**REQUIRED ACTION:** In the listing below, find the line with "Picture открытка доброе" and the line with "Salvatore Ferragamo Salvatore", then return them and every line between them exactly, minus the pictures.

**SOURCE DATA:**
----------

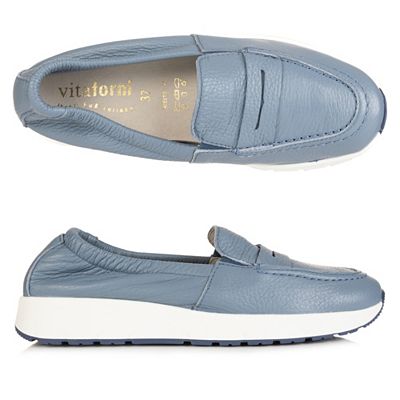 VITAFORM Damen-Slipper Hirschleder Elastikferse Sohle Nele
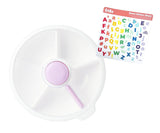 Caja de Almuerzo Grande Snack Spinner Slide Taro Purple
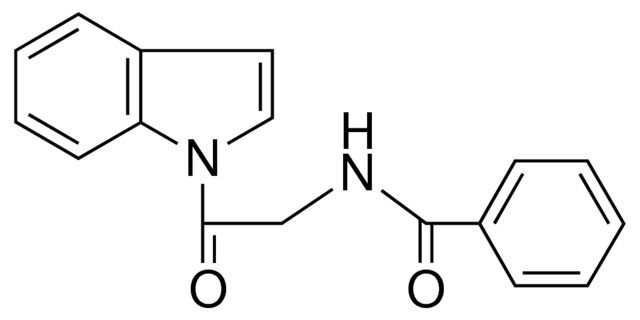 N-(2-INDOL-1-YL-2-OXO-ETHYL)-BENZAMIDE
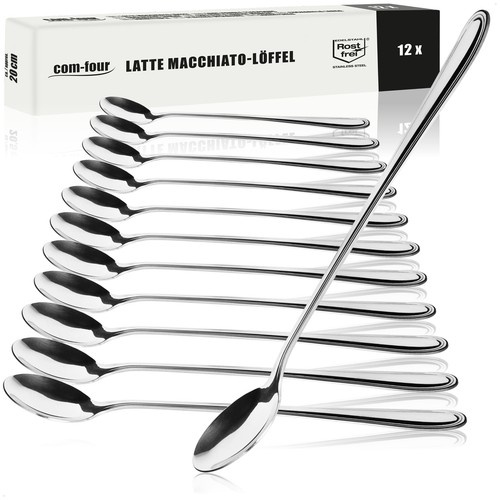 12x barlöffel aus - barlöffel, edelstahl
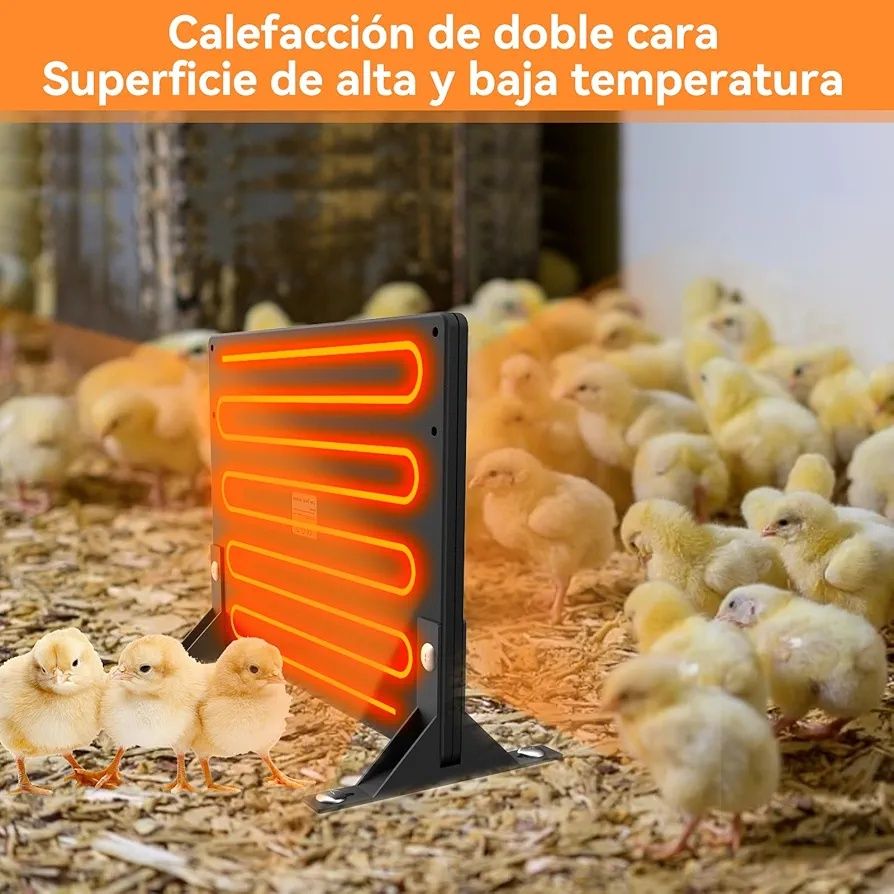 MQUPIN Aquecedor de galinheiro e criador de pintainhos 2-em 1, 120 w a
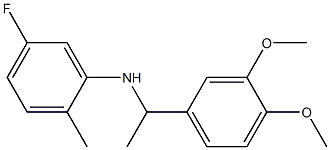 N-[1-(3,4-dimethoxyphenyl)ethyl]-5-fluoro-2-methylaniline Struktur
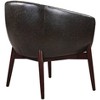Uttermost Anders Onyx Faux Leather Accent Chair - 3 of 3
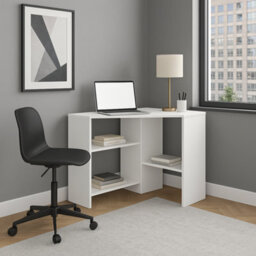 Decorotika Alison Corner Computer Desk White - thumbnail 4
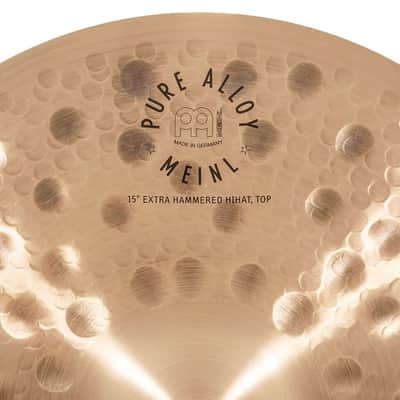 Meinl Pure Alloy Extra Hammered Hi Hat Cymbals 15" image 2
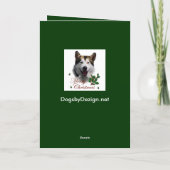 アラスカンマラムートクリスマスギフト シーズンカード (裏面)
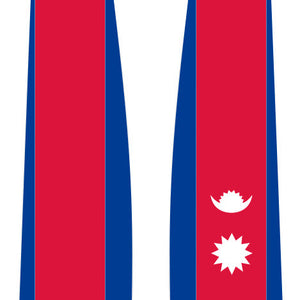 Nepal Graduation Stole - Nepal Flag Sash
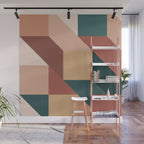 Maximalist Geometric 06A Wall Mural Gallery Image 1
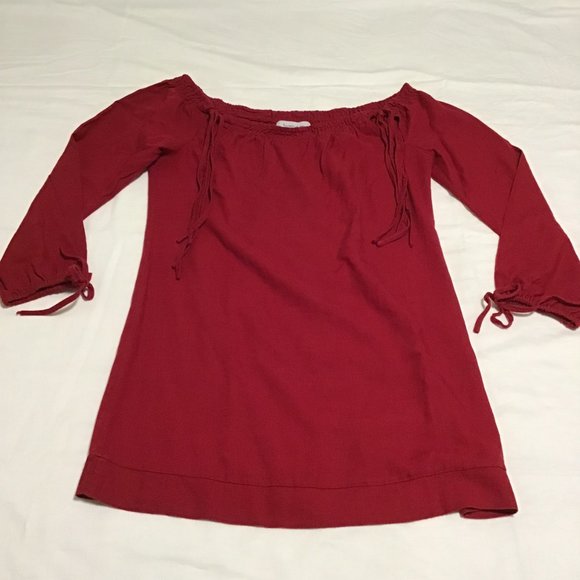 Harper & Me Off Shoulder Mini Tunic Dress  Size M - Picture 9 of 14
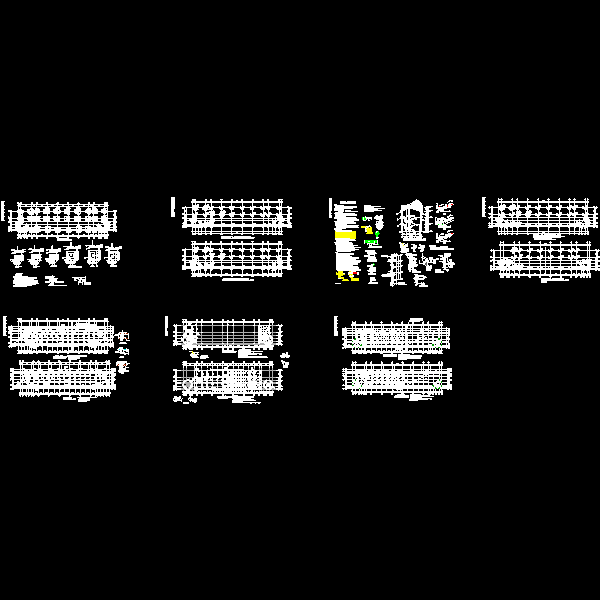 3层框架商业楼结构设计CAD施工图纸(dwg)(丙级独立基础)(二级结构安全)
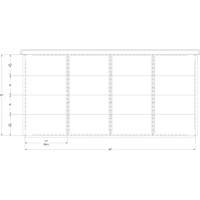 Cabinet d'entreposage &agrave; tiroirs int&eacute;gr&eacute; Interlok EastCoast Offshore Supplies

----------

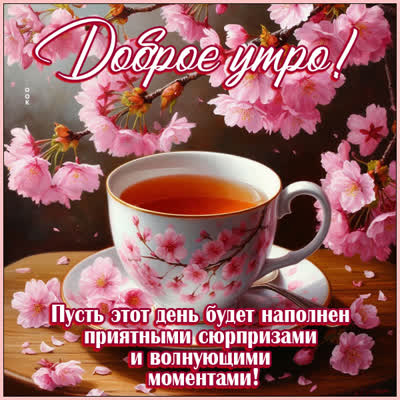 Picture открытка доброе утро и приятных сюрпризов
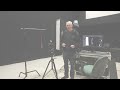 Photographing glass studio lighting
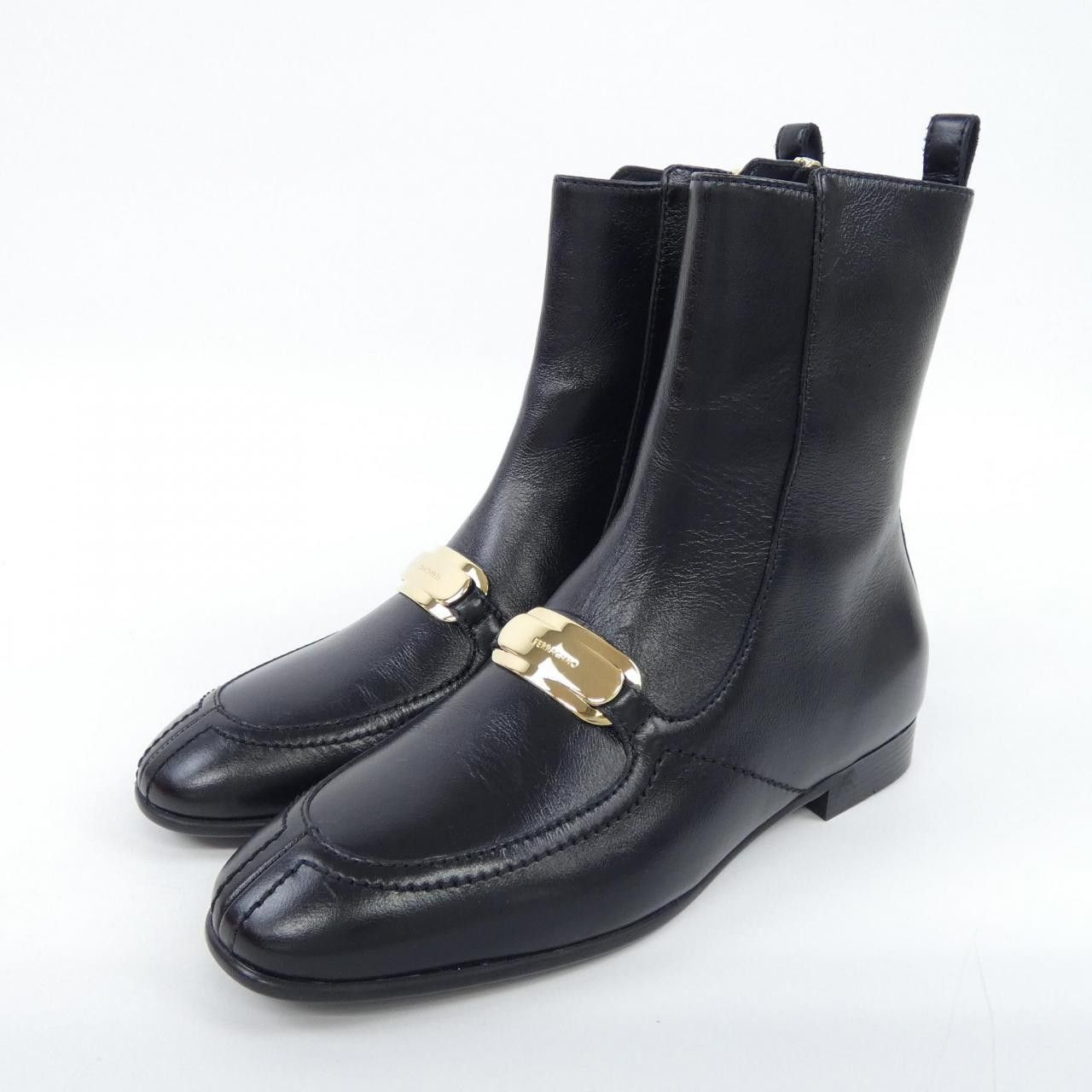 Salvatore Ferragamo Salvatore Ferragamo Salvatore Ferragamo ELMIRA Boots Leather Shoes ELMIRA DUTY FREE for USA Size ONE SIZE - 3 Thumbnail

----------

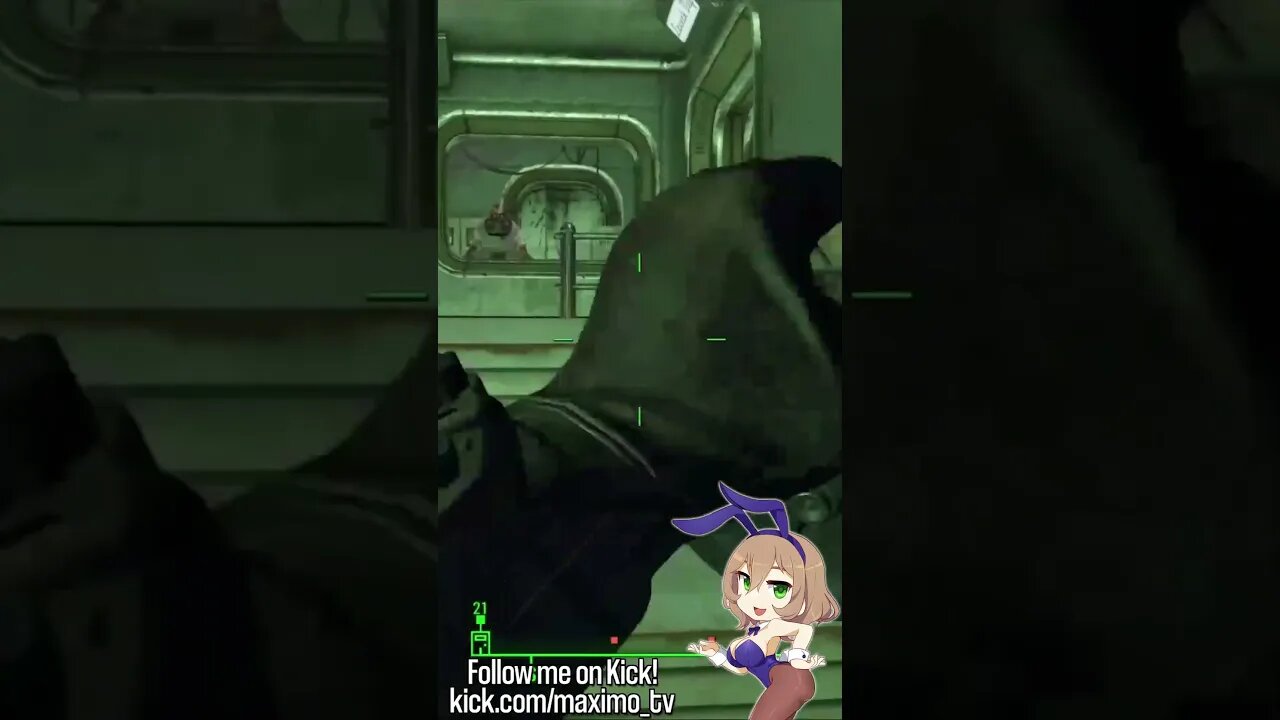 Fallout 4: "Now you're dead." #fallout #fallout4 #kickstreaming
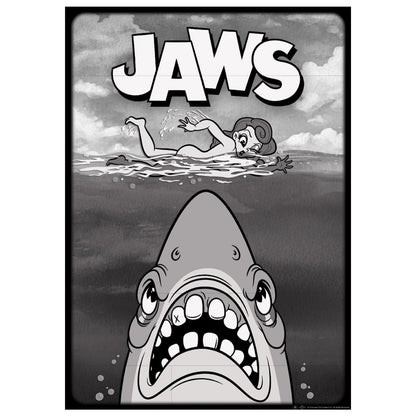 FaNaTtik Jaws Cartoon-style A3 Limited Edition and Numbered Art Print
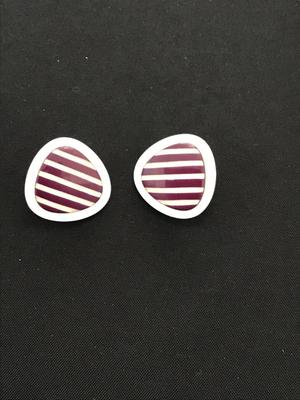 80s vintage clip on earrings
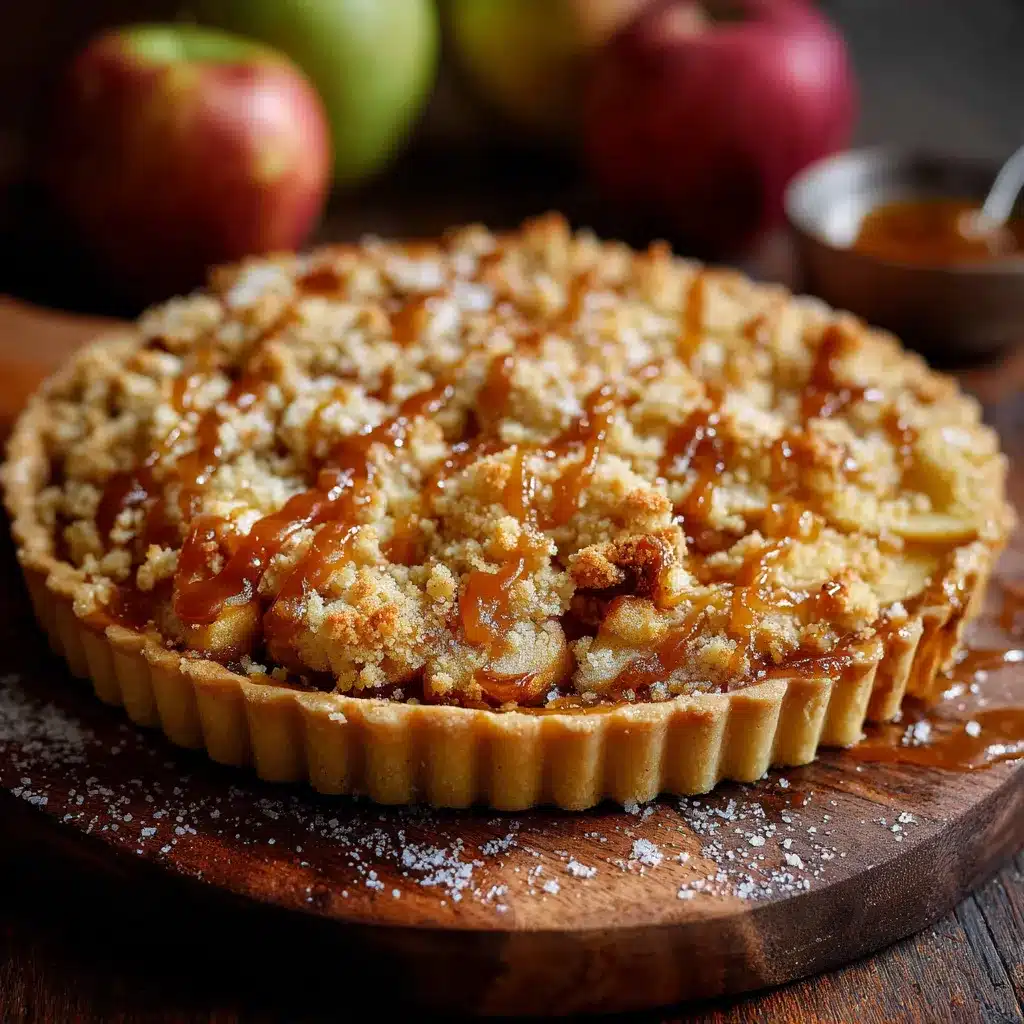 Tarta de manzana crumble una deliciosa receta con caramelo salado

----------

**SOLVED EXERCISE:**
 Picture открытка доброе утро и приятных сюрпризов
 Photographing glass studio lighting
 Salvatore Ferragamo Salvatore Ferragamo Salvatore Ferragamo ELMIRA Boots Leather Shoes ELMIRA DUTY FREE for USA Size ONE SIZE - 3 Thumbnail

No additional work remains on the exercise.